In order to identify the extent of peroxisomal dysfunction in the two patients, detailed studies were performed in cultured skin fibroblasts (Table 1). Very long chain fatty acid levels were elevated and oxidation of both C26:0 and pristanic acid was deficient in the patients' fibroblasts. Plasmalogen levels, de novo plasmalogen synthesis and the activity of dihydroxy-acetonephosphate acyltransferase (DHAPAT), which catalyzes the first step in plasmalogen biosynthesis, were all normal.
Immunofluorescence microscopy studies of the patients' fibroblasts using an antibody against human catalase revealed normal appearing peroxisomes in ∼80% of the fibroblasts. However, in ∼20% of the fibroblasts a decreased number of peroxisomes was found, which were much larger than peroxisomes in control fibroblasts (not shown). Similar results were obtained when an antibody against D-BP was used (not shown).
Taken together, these data exclude a generalized peroxisomal defect and indicate a selective defect in the peroxisomal fatty acid β-oxidation pathway.
Complementation analysis and D-BP activity measurements
Since the clinical and biochemical findings in the two patients were reminiscent of the abnormalities found in patients with a deficiency of acyl-CoA oxidase (20) (Table 1), we first focused on this enzyme. However, enzyme activity measurements revealed normal acyl-CoA oxidase activities, suggesting a different enzyme defect (not shown). Subsequently, we studied whether D-BP, the next enzyme in the β-oxidation pathway, was deficient in the two patients. To this end, we performed complementation analysis making use of fibroblasts from a patient with an established D-BP deficiency (25). No restoration of pristanic acid β-oxidation activity was observed (Table 2). This points to a functional deficiency of D-BP in the two patients. Surprisingly, when the patients' fibroblasts were subsequently fused with fibroblasts from a patient with a specific deficiency of the D-3-hydroxyacyl-CoA dehydrogenase activity of D-BP (24), pristanic acid β-oxidation was restored (Table 2). This strongly suggested a selective deficiency of the enoyl-CoA hydratase activity of D-BP with normal activity of the 3-hydroxyacyl-CoA dehydrogenase domain.
To confirm that both patients have a deficient enoyl-CoA hydratase activity, D-BP activity was measured (Table 3).

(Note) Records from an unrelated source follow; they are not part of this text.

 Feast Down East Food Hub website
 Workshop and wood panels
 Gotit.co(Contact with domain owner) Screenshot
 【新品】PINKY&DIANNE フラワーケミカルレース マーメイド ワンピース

To this end, fibroblast homogenates were incubated with the enoyl-CoA ester of THCA and the formation of 24-hydroxy-THC-CoA and 24-keto-THC-CoA was measured by HPLC. In both patients no 24-hydroxy-THC-CoA and no 24-keto-THC-CoA could be measured, which is in agreement with a deficient enoyl-CoA hydratase domain of D-BP.
Sequence analysis of the D-BP cDNA revealed that both patients were homozygous for two different mutations. The first mutation, 1369A→T, changes the Asn457 into a Tyr (N457Y), whereas the second mutation, 1531T→C, changes the Trp511 into an Arg (W511R). Both mutations are located in the part coding for the enoyl-CoA hydratase domain of D-BP.

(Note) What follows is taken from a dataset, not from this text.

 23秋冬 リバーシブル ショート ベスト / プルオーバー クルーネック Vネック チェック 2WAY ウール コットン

To determine whether both patients were also homozygous for these mutations at the genomic level, we took advantage of the fact that the latter mutation eliminates a BsrI restriction site. We therefore amplified exon 18 of the D-BP gene by PCR using primers containing a BsrI restriction site which serves as an internal control for BsrI digestion. Digestion with BsrI of the amplified 290 bp fragment revealed three fragments in a control subject: a 23 bp fragment, a 116 bp fragment and a 130 bp fragment. In both patients, however, only two fragments were found: a 23 bp fragment and a 246 bp fragment, indicative of the disappearance of the internal BsrI site, which demonstrates that both alleles contain the 1531T→C mutation (not shown). Unfortunately, no material from the patients' parents was available, which makes it difficult to determine whether the patients were truly homozygous or heterozygous, with the other allele being the null allele. However, the fact that the parents of both patients are consanguineous makes it very likely that both patients are homozygous for both the N457Y and the W511R mutation.

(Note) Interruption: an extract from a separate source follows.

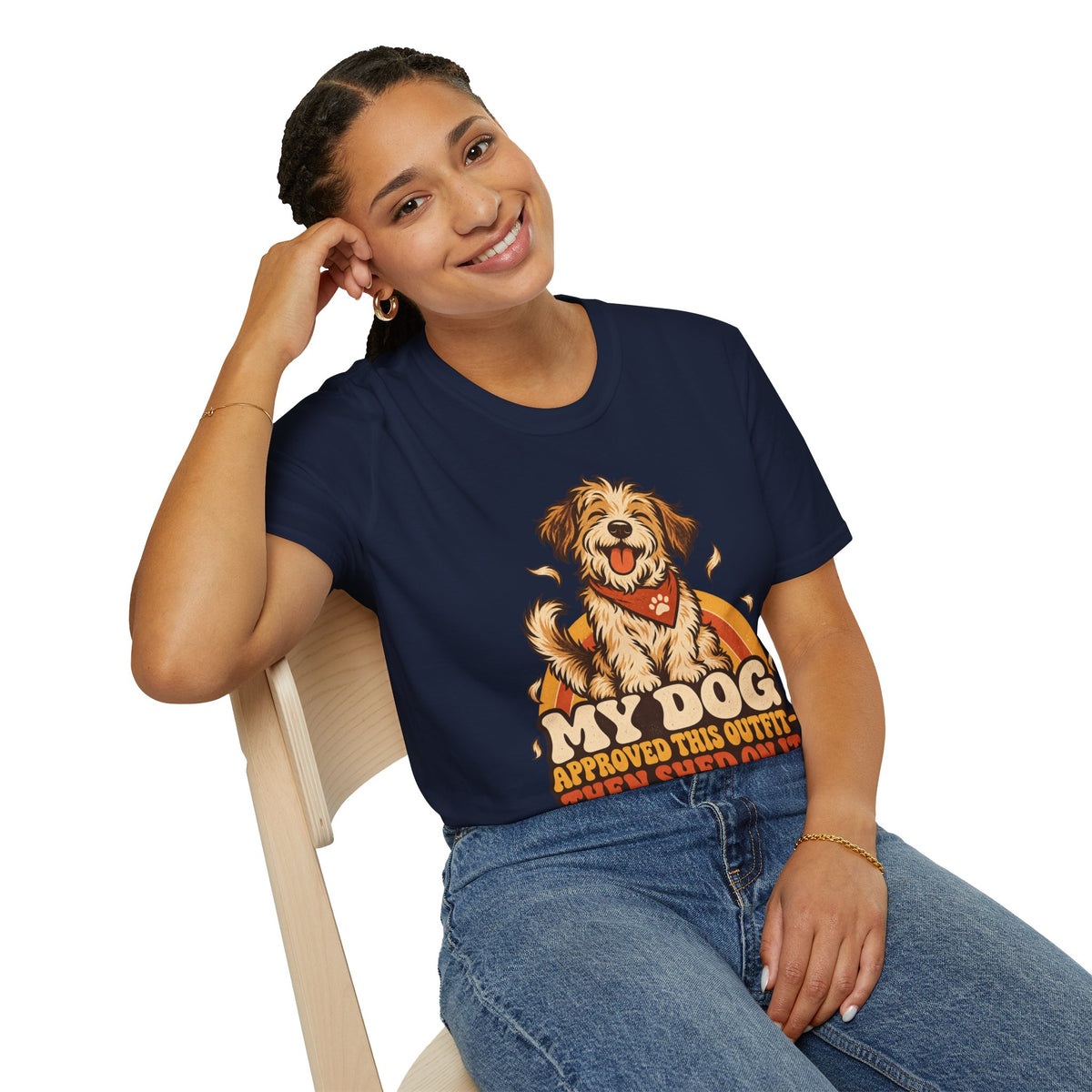 My Dog Approved This Outfit – Funny Dog Lover Unisex T-Shirt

Sequence analysis of D-BP cDNA of 15 control subjects of Caucasian origin did not identify the N457Y mutation, but two control subjects were heterozygous for the W511R mutation. Since this suggested that the W511R mutation may be a polymorphism and not a disease-causing mutation, we analyzed exon 18 in DNA of 68 additional control subjects of Caucasian origin by restriction analysis with BsrI. This led to the identification of 14 additional control subjects that were heterozygous for this mutation, which makes the overall allele frequency of the W511R mutation ∼10% (16/166).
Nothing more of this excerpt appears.